New cable boxes will bring surcharge

Most Spokane Comcast cable television subscribers can expect a monthly surcharge in their bills by next year due to changes in the type of converter boxes users can lease.

That fee increase for Spokane subscribers won’t be known until later this year, said Comcast spokeswoman Sena Fitzmaurice. She said Spokane Comcast video subscribers won’t likely see the hike until early 2008.

Comcast and other cable companies are now required to offer video customers only set-top or cable converter boxes that use separate security cards. The Federal Communications Commission ordered that change to take effect July 1.

Set-top boxes are the units that allow customers to get cable signals. The vast majority of Spokane’s roughly 100,000 Comcast video customers use set-top boxes, either in a basic model or in advanced versions. They pay a monthly fee ranging from a few dollars to more than $10 per month.

Comcast’s more advanced boxes include DVRs (digital video recorders) or boxes that decode high-definition video.

The cable industry says the new card-ready set-top boxes will cost more to make and that it must pass the added cost onto subscribers.

How much Spokane subscribers will pay extra depends on how many of the new boxes are deployed, said Comcast spokesperson Sena Fitzmaurice.

The FCC allows cable companies to use a cost-averaging formula to decide how much it can charge for leasing such boxes.
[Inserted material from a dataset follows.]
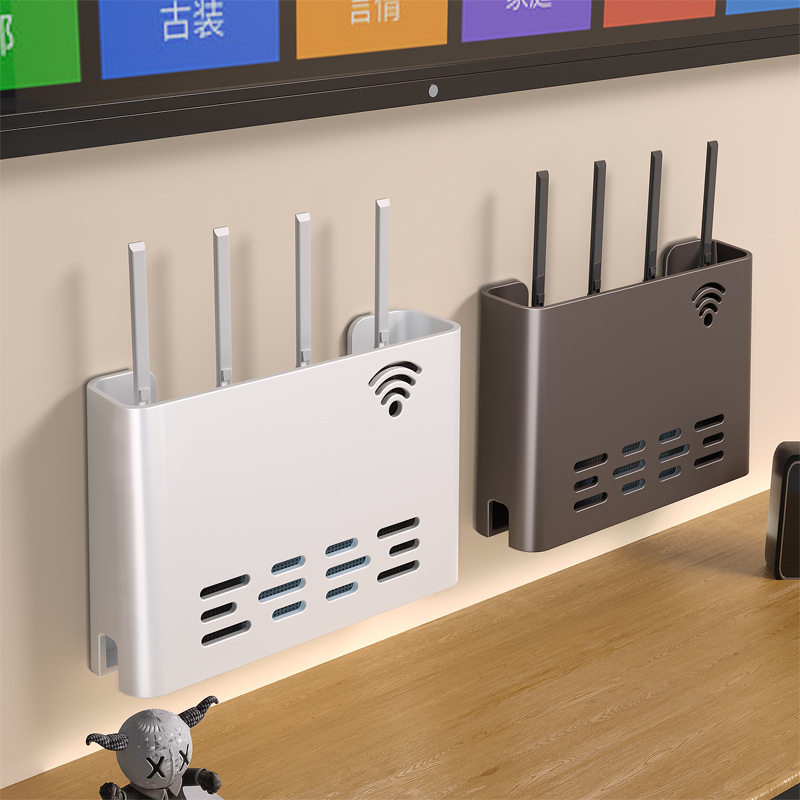 路由器放置架免打孔壁挂式电视机顶盒托架子WiFi收纳盒墙上置物架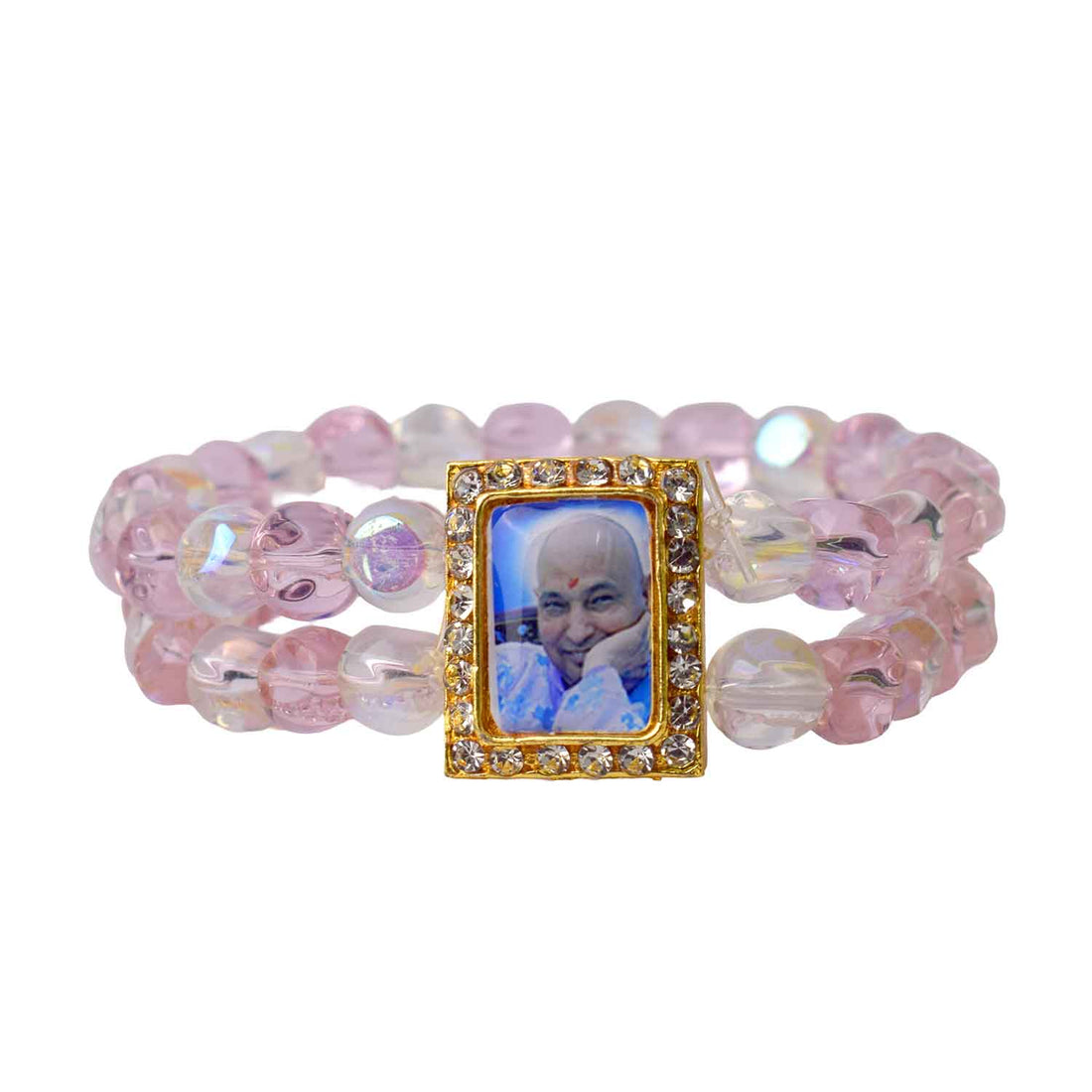 Guruji Bracelet White Beads (Assorted) – Pink & White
The formula looks at the total number of new boxes leased in a market, said Fitzmaurice, and allows the cable company to spread that increased cost to all of its cable-TV customers, she said.

The more card-ready boxes Spokane subscribers switch to this year, the higher net impact that will have on monthly lease costs Comcast will charge, said Fitzmaurice.

If few people adopt the new card-ready boxes, the lower the net impact will be, said Fitzmaurice.

When that equipment investment is calculated later this year, the cost will be shared by all of Spokane’s set-top box customers, whether they switch to the new units or not, said Fitzmaurice.

One way consumer groups say subscribers can avoid the monthly lease costs for set-top boxes is to buy their own cable-ready equipment. But that option requires buying a card-ready TV set or buying a high-end HD-TV or TiVo-style DVR that can work as a set-top box. In general, most cable customers prefer the less-expensive monthly lease cost — averaging about $10 per month — to buying a DVR for $300 to $400.

Up to this point, Comcast and other cable companies have built channel-security features into the boxes consumers use. The FCC’s goal, in adopting the new rule, is to encourage manufacturers to make more products that would work with removable security cards. That option theoretically will free consumers from being dependent on cable-company hardware, the FCC said.

But Comcast, the nation’s largest cable company, considers the FCC set-top box an unneeded expense and of little value for consumers.

“The security mandate amounts to an FCC tax of hundreds of millions of dollars on consumers with no additional benefits,” said Fitzmaurice, who works in Washington, D.C.

Cable customers who have no desire for the new boxes have no reason to switch, said Fitzmaurice.

Over time, however, brand new subscribers signing up for cable video in Spokane will only be able to lease card-ready converter boxes, DVRs and high-definition boxes.